What needs to be done: All of the listing should be returned as written, apart from any picture in it.

Supplied data:
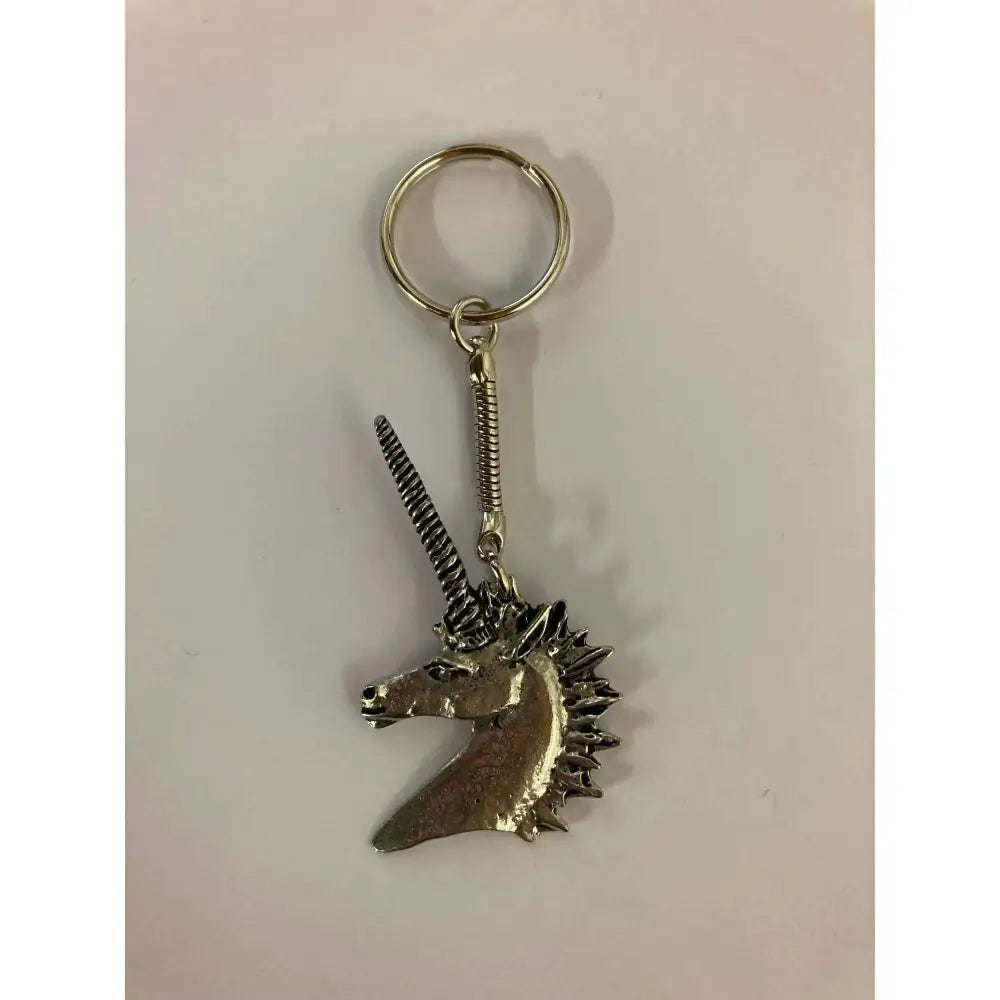 Silver unicorn key ring with detailed head and spiral horn perfect for apparel and accessories fans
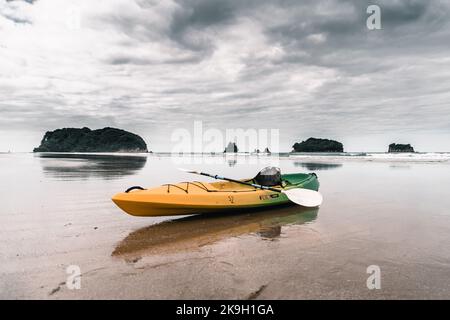 Einsames Kajak mit Paddeln auf der Oberseite am Ufer eines Strandes mit ruhigem Meer und Blick auf Inseln und Wald unter einem trüben grauen Himmel auf Donut Island, neu Stockfoto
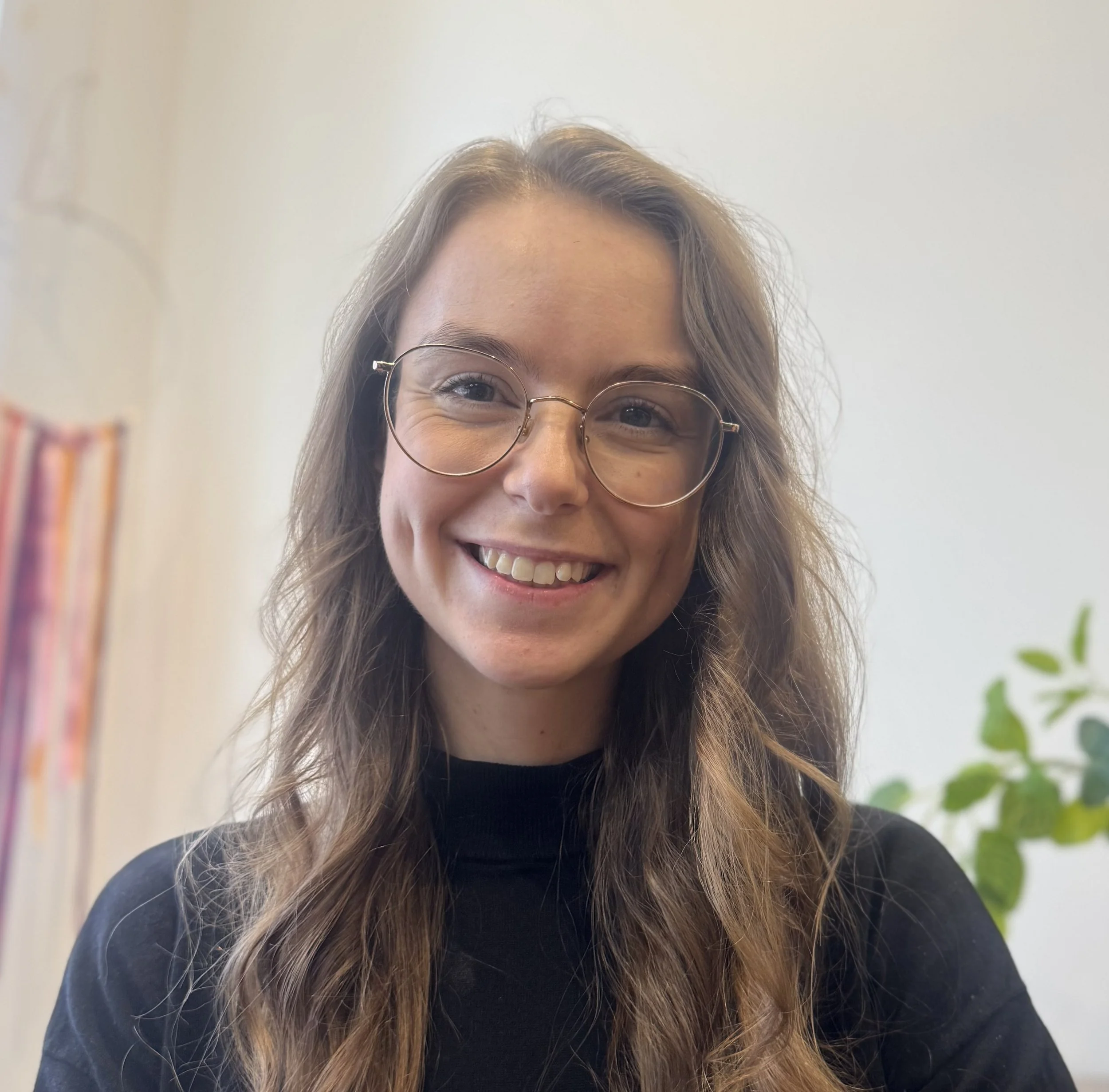 A woman with long wavy brown hair, wearing glasses and a black top, smiling in an indoor setting with a white wall and green plant in the background.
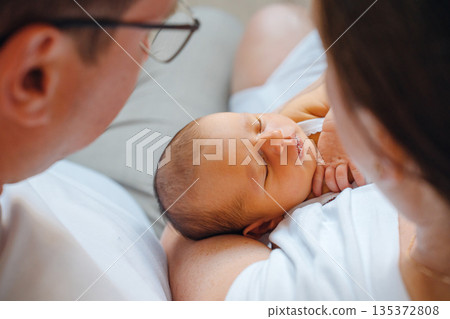 New parents hold their baby close in a home setting 135372808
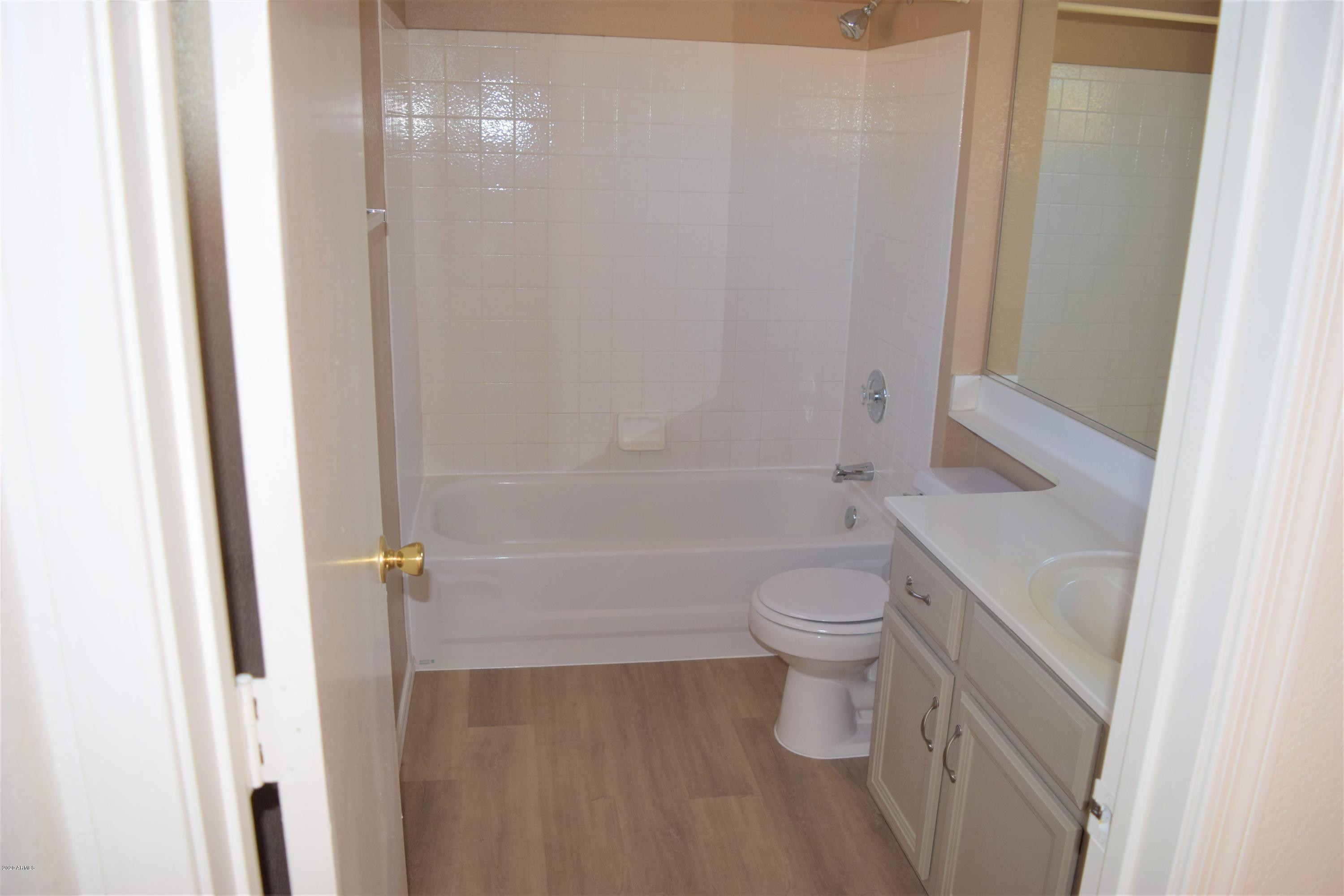 13323 East Butler Street Chandler, AZ 85225 - Photo 15 of 22 a bathroom with a toilet and a shower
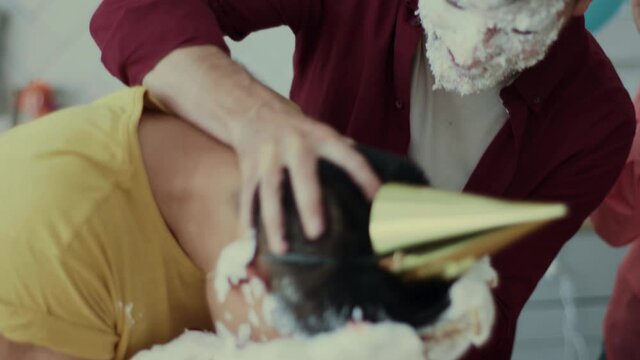 Group of funny mixed-race friends celebrating birthday. Fun guy smashing cake into his friend's face playing crazy. Party. Entertainment. Concept of humor.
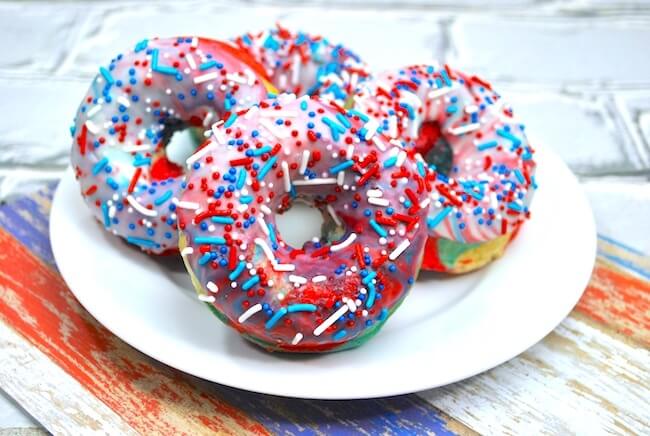 It doesn't get more patriotic than this! Red White & Blue Swirl Donuts are a true all-American treat! Perfect 4th of July party dessert! Step-by-step photo instructions inside.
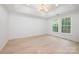 Light-filled bedroom with recessed lighting, light wood floors, and bright white walls at 12013 Dolomite Dr, Pineville, NC 28134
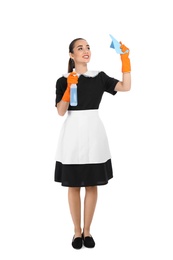 Photo of Young chambermaid with rag and detergent on white background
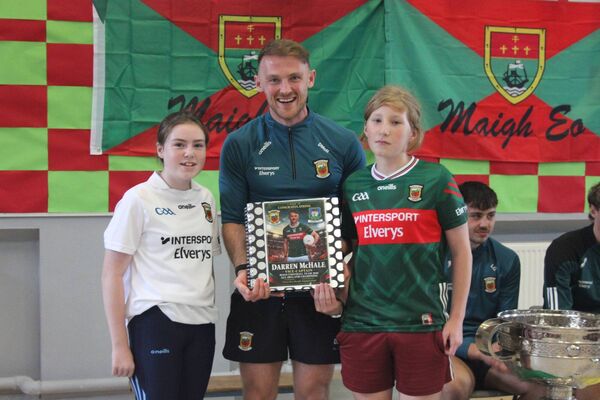 Darren McHale being presented with a book of individual memories and well wishes, written by the children of Breaffy NS, Ballina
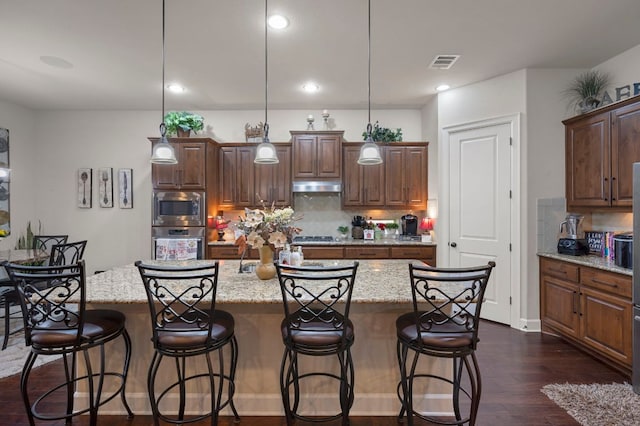2429 Carretera Dr, Leander, TX 78641 - kitchen with under cabinet range hood, tasteful backsplash, a center island with sink, dark wood-type flooring, and recessed lighting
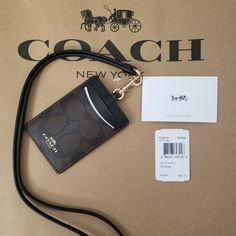 Coach Signature Brown Black Lanyard Id Card Badge Holder Case Wallet F63274 Not Excepting Offer On This Lanyard. Lowest Price On Pm.. Crafted In Our Signature Jacquard, This Lanyard Features An Id Window, Plus Two Card Slots At The Back. Wear It Around The Neck Or Detach The Strap And Tuck It Into A Bag. Signature Coated Canvas With Leather Details Two Credit Card Slots Id Window Dimensions: 2 3/4" (L) X 4" (H) Coach Lanyard, Window Dimensions, Black Lanyard, Id Lanyard, School Id, Bath Body Works Candles, Coach Accessories, Badge Holder, Id Holder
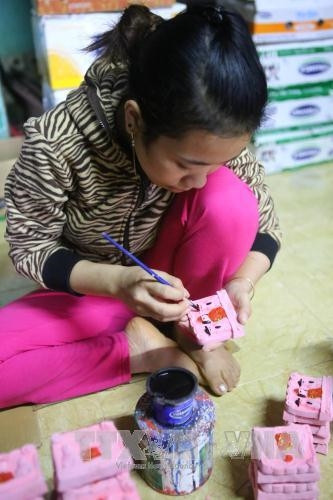 Trang trí cho tượng ông Công ông Táo. Ảnh: Hồ Câu-TTXVN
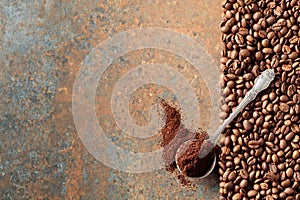 Ground coffee in a spoon and coffee beans on a rusty metal background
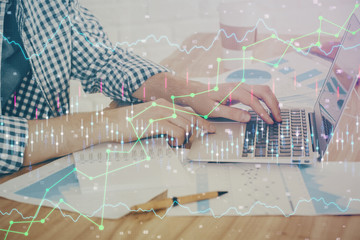 Multi exposure of stock market chart with man working on computer on background. Concept of...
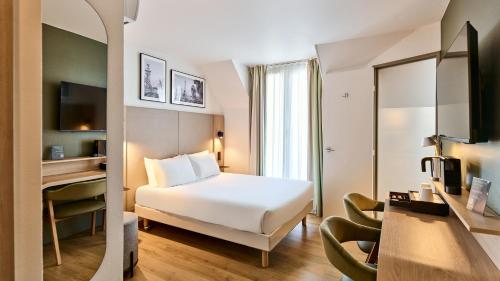 a hotel room with a white bed and a mirror at Campanile Prime - Paris 14 Maine Montparnasse in Paris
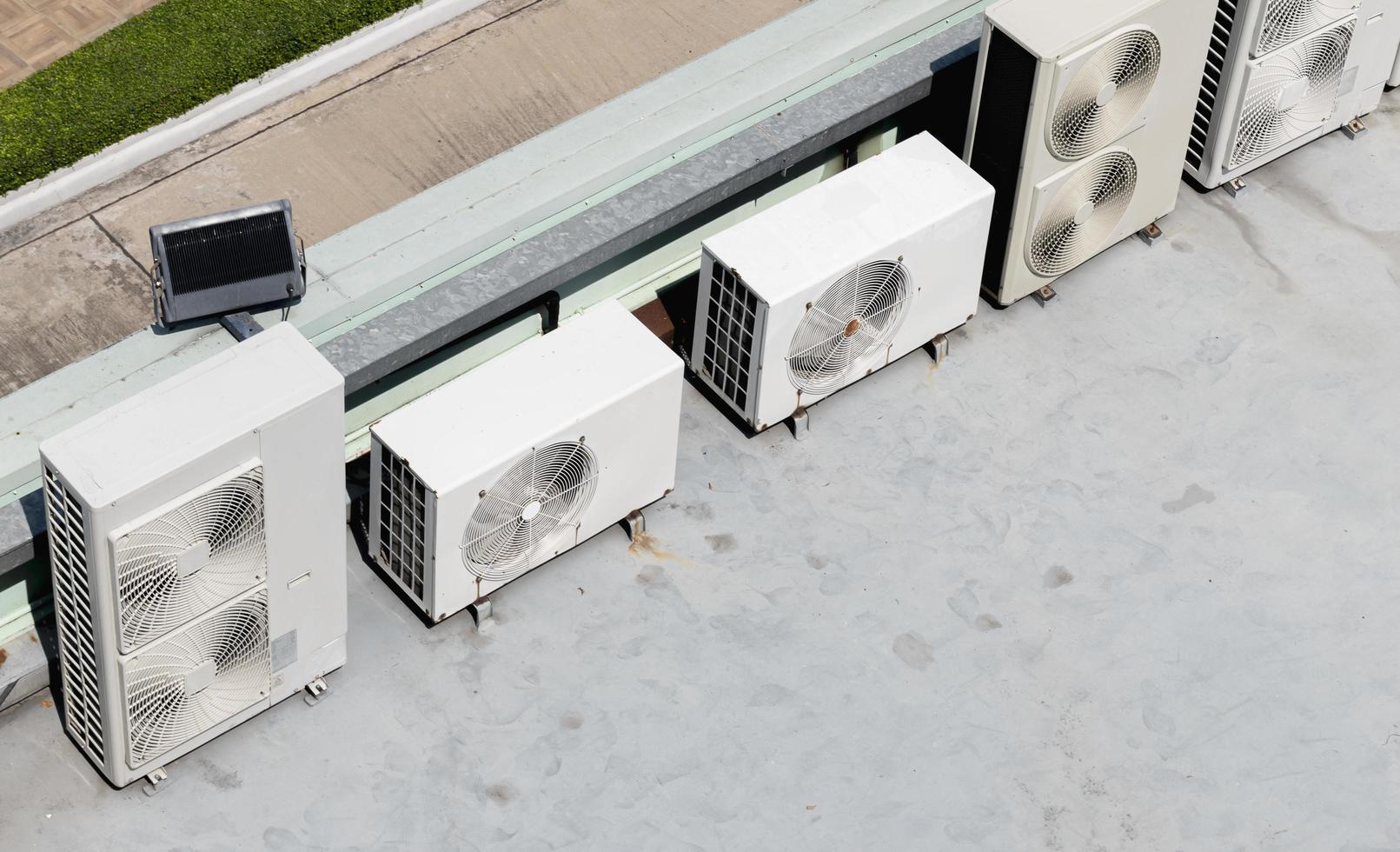 Air compressor on rooftop building photo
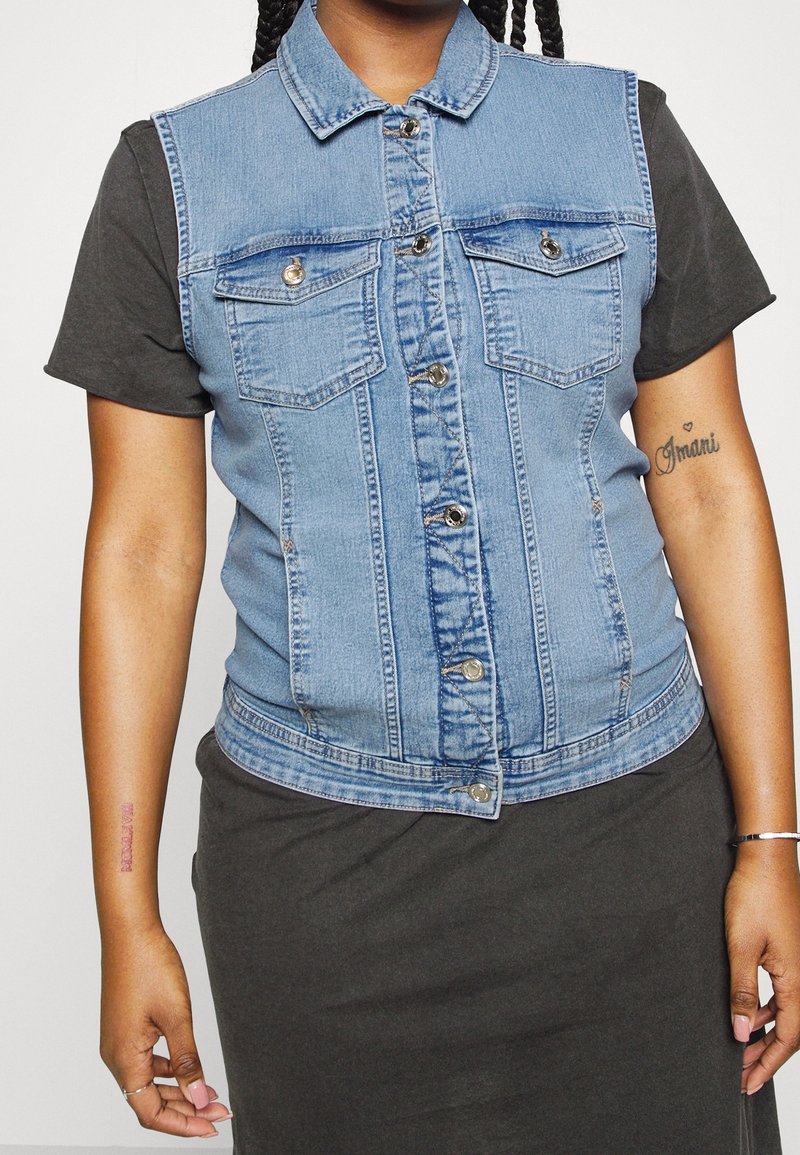 Džínová vesta v světle modré barvě, se límcem, předními kapsami a zapínáním na knoflíky. Nositá přes tmavé tričko, zvýrazňující kontrast barev.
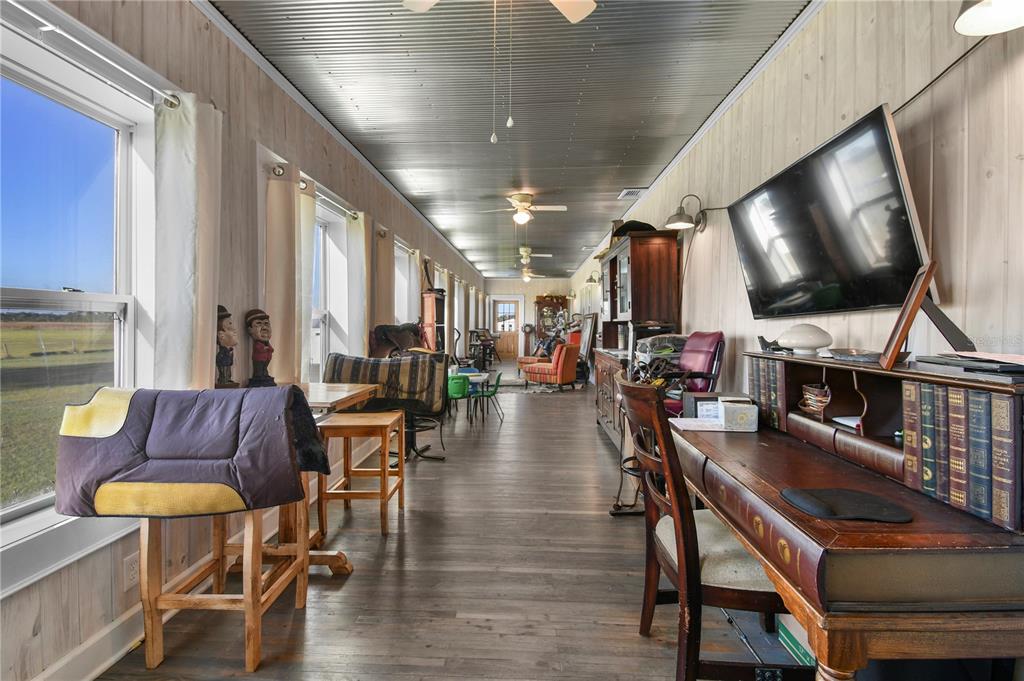 10807 Northwest Lily County Line Road Ona, FL 33865 - Photo 82 of 91 a living room with furniture a flat screen tv and wooden floor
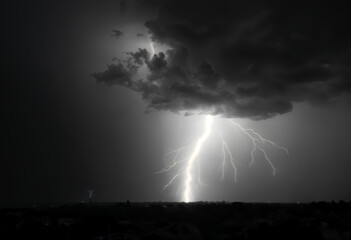 a dark stormy sky with a spiral of lightning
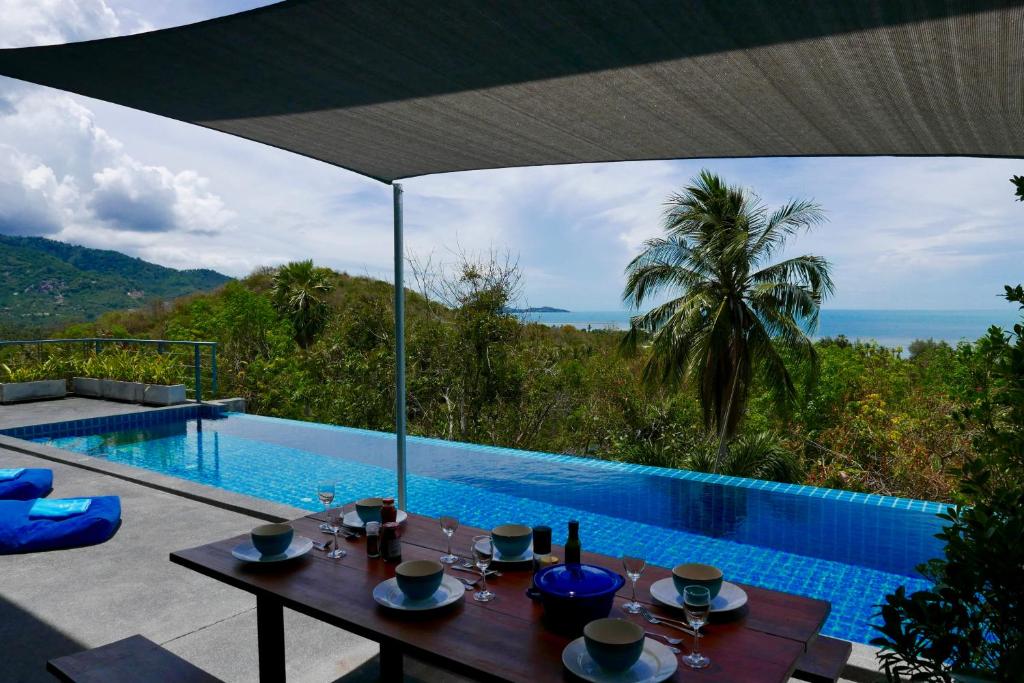 蓝赛特海滩Sky Villas Philippa with Free Car的享有游泳池景致的餐桌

Completed exercise:
 Silver unicorn key ring with detailed head and spiral horn perfect for apparel and accessories fans
 Einsames Kajak mit Paddeln auf der Oberseite am Ufer eines Strandes mit ruhigem Meer und Blick auf Inseln und Wald unter einem trüben grauen Himmel auf Donut Island, neu Stockfoto
 A woman with long wavy brown hair, wearing glasses and a black top, smiling in an indoor setting with a white wall and green plant in the background.
 New parents hold their baby close in a home setting 135372808
 13323 East Butler Street Chandler, AZ 85225 - Photo 15 of 22 a bathroom with a toilet and a shower
 Group of funny mixed-race friends celebrating birthday. Fun guy smashing cake into his friend's face playing crazy. Party. Entertainment. Concept of humor.
 It doesn't get more patriotic than this! Red White & Blue Swirl Donuts are a true all-American treat! Perfect 4th of July party dessert! Step-by-step photo instructions inside.
 Light-filled bedroom with recessed lighting, light wood floors, and bright white walls at 12013 Dolomite Dr, Pineville, NC 28134
 Photo of Young chambermaid with rag and detergent on white background
 Darren McHale being presented with a book of individual memories and well wishes, written by the children of Breaffy NS, Ballina
2429 Carretera Dr, Leander, TX 78641 - kitchen with under cabinet range hood, tasteful backsplash, a center island with sink, dark wood-type flooring, and recessed lighting
 Coach Signature Brown Black Lanyard Id Card Badge Holder Case Wallet F63274 Not Excepting Offer On This Lanyard. Lowest Price On Pm.. Crafted In Our Signature Jacquard, This Lanyard Features An Id Window, Plus Two Card Slots At The Back. Wear It Around The Neck Or Detach The Strap And Tuck It Into A Bag. Signature Coated Canvas With Leather Details Two Credit Card Slots Id Window Dimensions: 2 3/4" (L) X 4" (H) Coach Lanyard, Window Dimensions, Black Lanyard, Id Lanyard, School Id, Bath Body Works Candles, Coach Accessories, Badge Holder, Id Holder
 Trang trí cho tượng ông Công ông Táo. Ảnh: Hồ Câu-TTXVN
 Ground coffee in a spoon and coffee beans on a rusty metal background
 Multi exposure of stock market chart with man working on computer on background. Concept of...
 a hotel room with a white bed and a mirror at Campanile Prime - Paris 14 Maine Montparnasse in Paris
 Air compressor on rooftop building photo
 Džínová vesta v světle modré barvě, se límcem, předními kapsami a zapínáním na knoflíky. Nositá přes tmavé tričko, zvýrazňující kontrast barev.
 10807 Northwest Lily County Line Road Ona, FL 33865 - Photo 82 of 91 a living room with furniture a flat screen tv and wooden floor
 a dark stormy sky with a spiral of lightning
 蓝赛特海滩Sky Villas Philippa with Free Car的享有游泳池景致的餐桌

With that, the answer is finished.